Task:
Using the records below, write out only the lines from the line containing "child in red" up to and including the line containing "Two Skilled Professionals", exactly, with no pictures.

Supplied data:
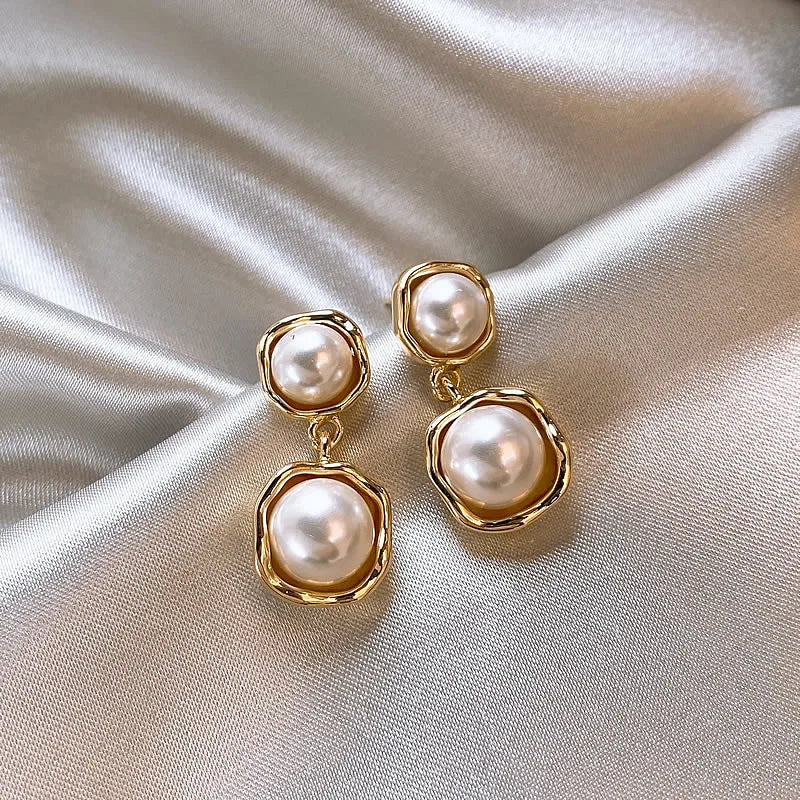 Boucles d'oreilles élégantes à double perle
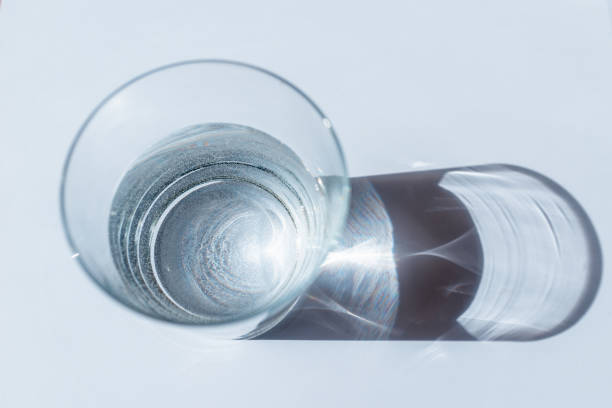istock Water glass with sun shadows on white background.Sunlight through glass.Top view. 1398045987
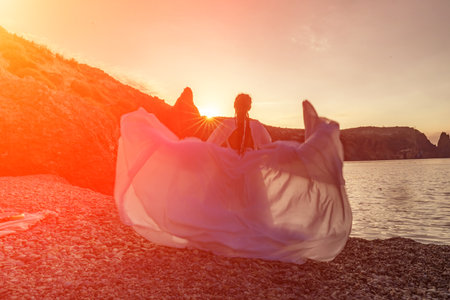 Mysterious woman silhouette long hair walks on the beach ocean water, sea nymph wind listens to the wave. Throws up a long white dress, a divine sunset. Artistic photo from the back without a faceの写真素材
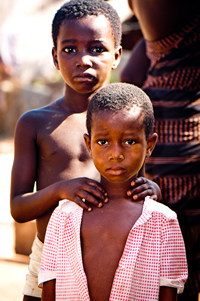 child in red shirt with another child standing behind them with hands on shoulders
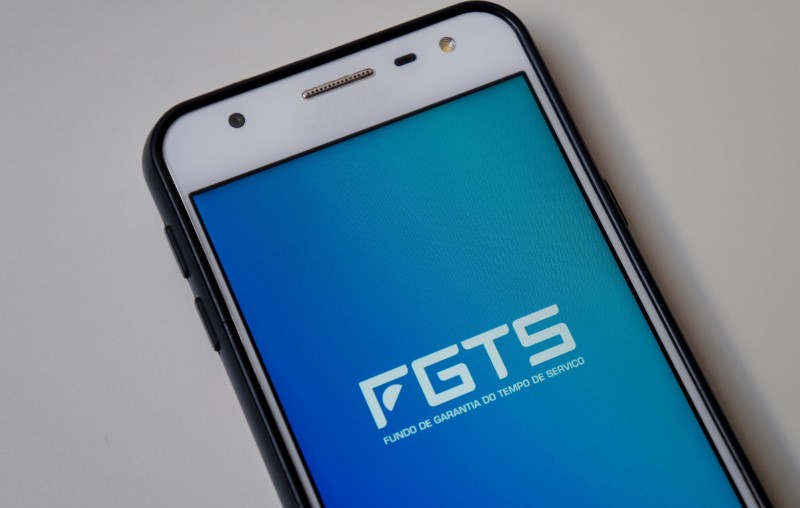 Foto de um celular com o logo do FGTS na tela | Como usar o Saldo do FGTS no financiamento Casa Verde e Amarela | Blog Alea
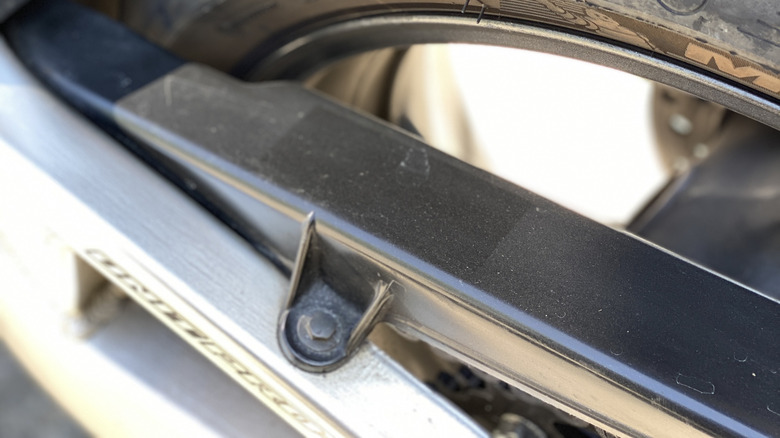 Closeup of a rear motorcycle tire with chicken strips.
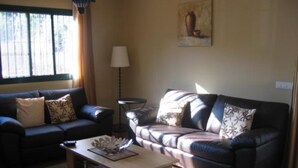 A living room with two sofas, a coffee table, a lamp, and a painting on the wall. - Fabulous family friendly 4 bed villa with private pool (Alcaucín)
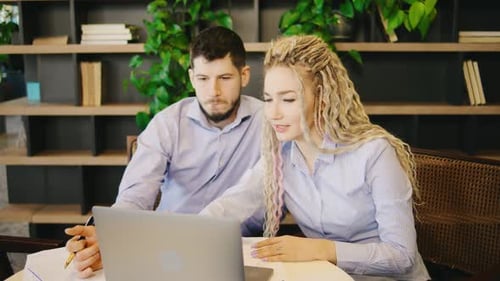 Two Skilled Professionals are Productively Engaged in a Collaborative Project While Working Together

==

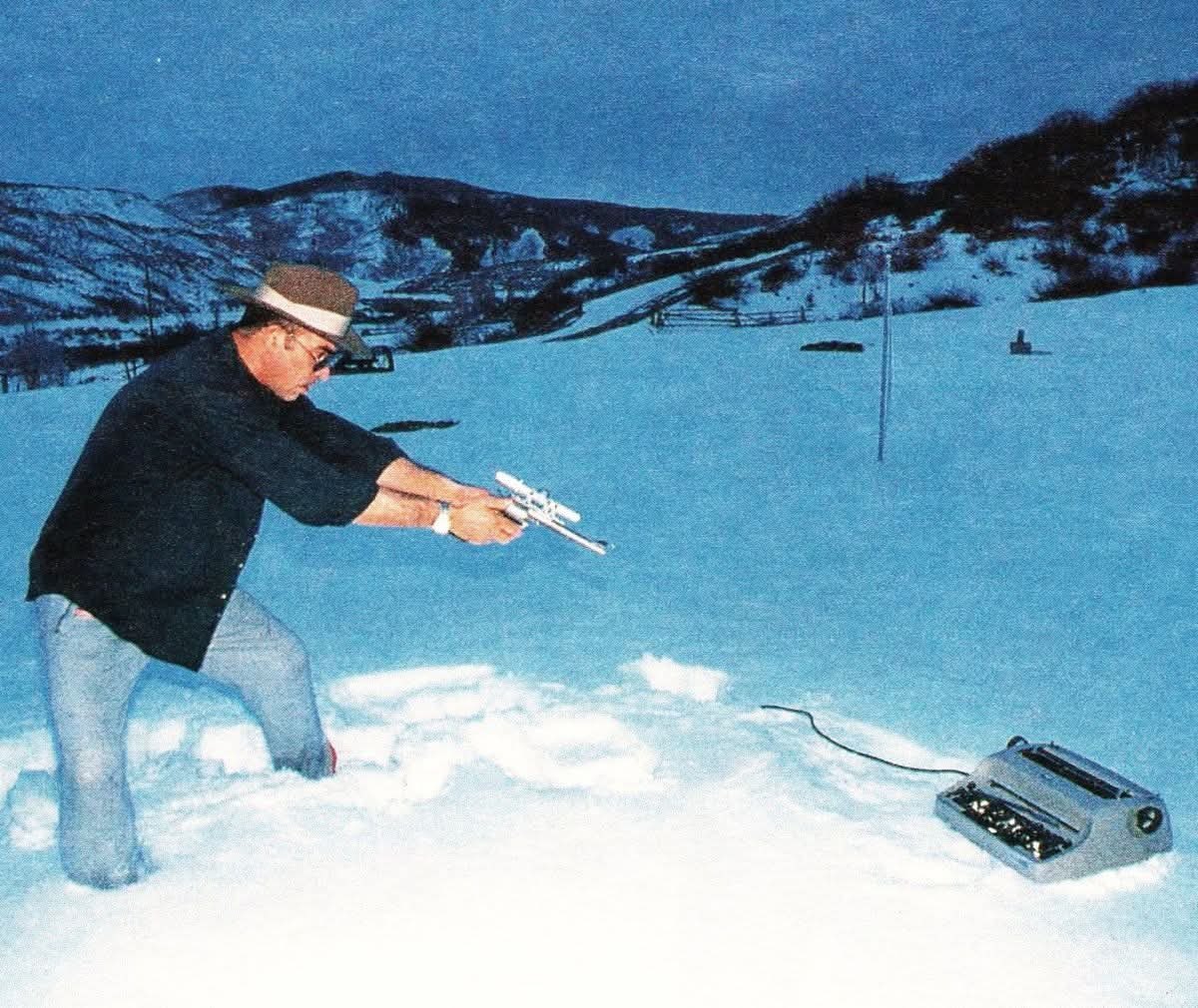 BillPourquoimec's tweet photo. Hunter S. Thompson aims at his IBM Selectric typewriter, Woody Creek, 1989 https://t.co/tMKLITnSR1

Task result:
 child in red shirt with another child standing behind them with hands on shoulders
 Foto de um celular com o logo do FGTS na tela | Como usar o Saldo do FGTS no financiamento Casa Verde e Amarela | Blog Alea
 Closeup of a rear motorcycle tire with chicken strips.
 A living room with two sofas, a coffee table, a lamp, and a painting on the wall. - Fabulous family friendly 4 bed villa with private pool (Alcaucín)
 Two Skilled Professionals are Productively Engaged in a Collaborative Project While Working Together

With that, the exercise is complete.